Step 3: Evaluation Configuration

By default, the above evaulate_llm function will execute without any additional configuration. It will extract the defined metric prompts, bind the context variables from each record, and execute the prompts against the defined LLM provider and model and then extract the scores. However, if you want a more robust evaluation, we recommend you provide an EvaluationConfig configured to your needs.

EvaluationConfig allows you to customize the evaluation process in several ways:

  • Specify which fields from the LLMEvalRecord context should be embedded. These embedding will be used to calculate means and similarity scores.
  • Indicate whether you want to compute similarity scores between the embedded fields.
  • Enable clustering to identify patterns in the evaluation results.
  • Enable histogram computations to generate histograms for all numerical fields.

EvaluationConfig documentation

from scouter.evaluate import EvaluationConfig
from scouter.llm.openai import OpenAIEmbeddingConfig
from scouter.llm import Embedder, Provider

#(previous code)...

embedder = Embedder( #(1)
    Provider.OpenAI,
    config=OpenAIEmbeddingConfig(
        model="text-embedding-3-small",
        dimensions=512,
    ),
)

results = evaluate_llm(
    records=records,
    metrics=eval_metrics,
    config=EvaluationConfig( #(2)
        embedder=embedder,
        embedding_targets=["user_query", "answer"], #(3)
        compute_similarity=True, #(4)
        cluster=True, #(5)
        compute_histograms=True, #(6)
    ),
)
  1. Create an Embedder instance to generate embeddings for the evaluation records. This is useful for similarity computations and clustering. Here, we are using OpenAI's embedding model.
  2. Pass an EvaluationConfig instance to the evaluate_llm function to customize the evaluation process.
  3. Specify which fields from the LLMEvalRecord context should be embedded. In this case, we are embedding both the user_query and answer. These embedding will be used to calculate means and similarity scores.
  4. Indicate that we want to compute similarity scores between the embedded fields.
  5. If clustering is enabled, Scouter will execute a dbscan with all numerical values (scores, similarity scores, embeddings etc.) to identify clusters of similar records.

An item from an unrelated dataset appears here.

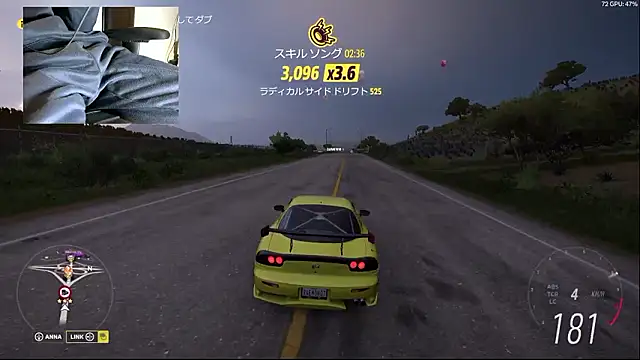 soruto-G online show from 04/04/26, 09:16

This can help identify patterns in the evaluation results
  6. Enable histogram computations to generate histograms for all numerical fields

Step 4: Analyzing the Results

The results object (LLMEvalResults) returned from the evaluate_llm function contains a wealth of information about the evaluation. You can access individual record results, overall metrics, and any errors that occurred during the evaluation process.

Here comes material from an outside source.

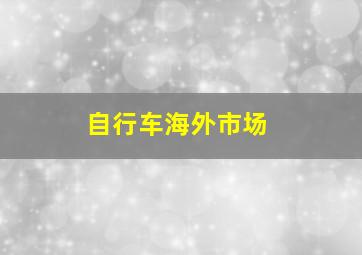 自行车海外市场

# Assess individual record results
results = evaluate_llm(...)


record1_metrics = results["record_1"].metric
print(f"Record 1 Reformulation Quality Score: {record1_metrics['reformulation_quality'].score}")
print(f"Record 1 Reformulation Quality Reason: {record1_metrics['reformulation_quality'].reason}")

print(f"Record 1 Answer Relevance Score: {record1_metrics['answer_relevance'].score}")
print(f"Record 1 Answer Relevance Reason: {record1_metrics['answer_relevance'].reason}")

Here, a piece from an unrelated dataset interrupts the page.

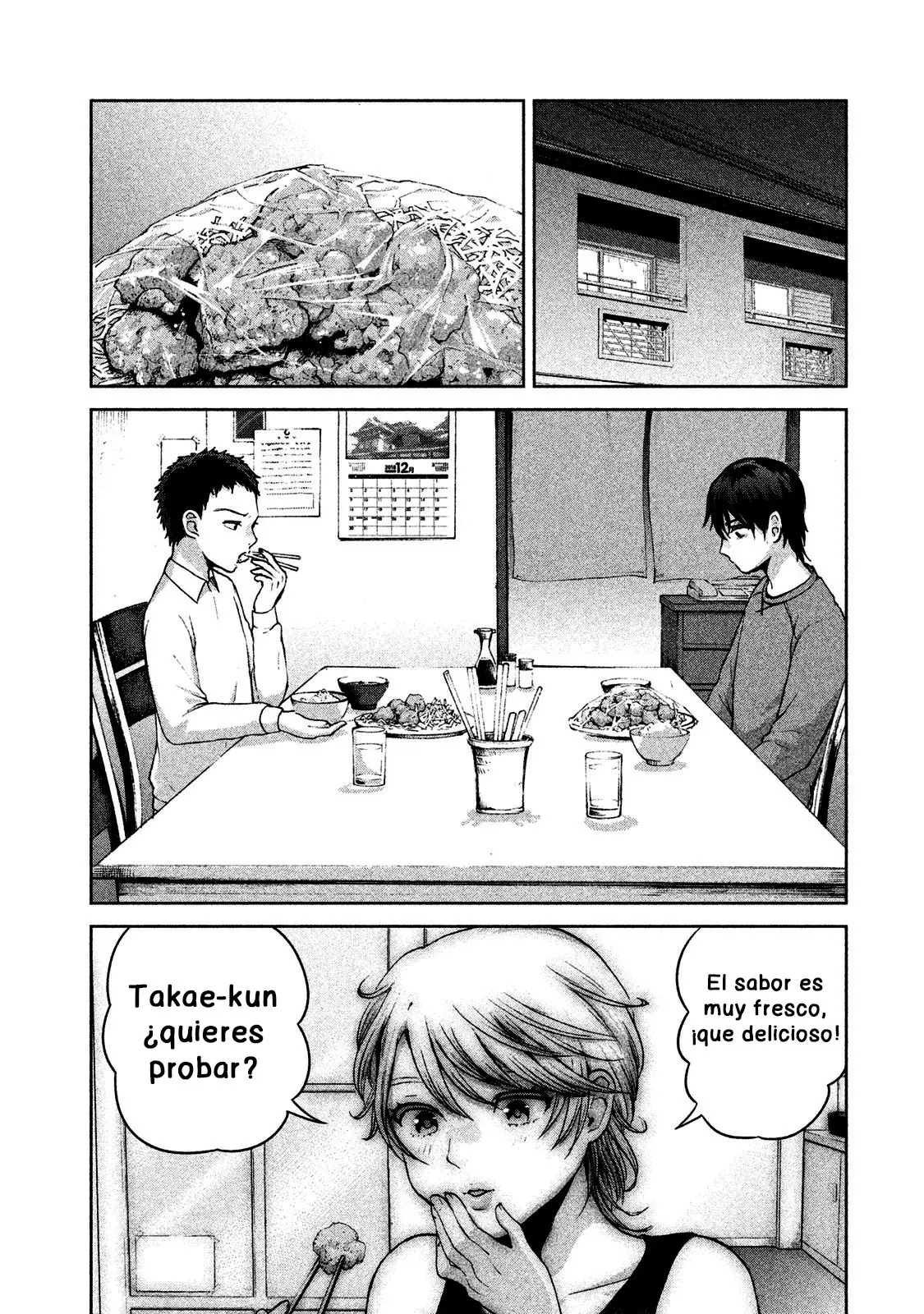 Aida Ni Hatachi capítulo 28, página 13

# Create a dataframe for easier analysis
df = results.to_dataframe() # pandas
print(df.head())

df = results.to_dataframe(polars=True) # polars
print(df.head())

# Access histograms
histograms = results.histograms
for field, histogram in histograms.items():
    print(f"Histogram for {field}: {histogram}")

Please refer to the LLMEvalResults documentation for more details on how to work with the results object.